**Required action:** From the listing below, set down exactly each line beginning with the one containing "Lace Trim Camisole" and ending with the last.

═══ Records ═══

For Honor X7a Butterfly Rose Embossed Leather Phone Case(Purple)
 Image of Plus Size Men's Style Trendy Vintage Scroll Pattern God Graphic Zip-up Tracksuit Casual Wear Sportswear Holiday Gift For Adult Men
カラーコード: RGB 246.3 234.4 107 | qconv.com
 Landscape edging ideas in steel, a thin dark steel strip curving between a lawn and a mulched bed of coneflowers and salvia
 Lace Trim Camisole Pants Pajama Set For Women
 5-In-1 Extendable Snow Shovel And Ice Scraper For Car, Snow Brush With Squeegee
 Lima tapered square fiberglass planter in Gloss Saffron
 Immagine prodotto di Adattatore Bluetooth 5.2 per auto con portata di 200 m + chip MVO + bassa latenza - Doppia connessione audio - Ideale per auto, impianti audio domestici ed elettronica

═══

**Result of this task:**
 Lace Trim Camisole Pants Pajama Set For Women
 5-In-1 Extendable Snow Shovel And Ice Scraper For Car, Snow Brush With Squeegee
 Lima tapered square fiberglass planter in Gloss Saffron
 Immagine prodotto di Adattatore Bluetooth 5.2 per auto con portata di 200 m + chip MVO + bassa latenza - Doppia connessione audio - Ideale per auto, impianti audio domestici ed elettronica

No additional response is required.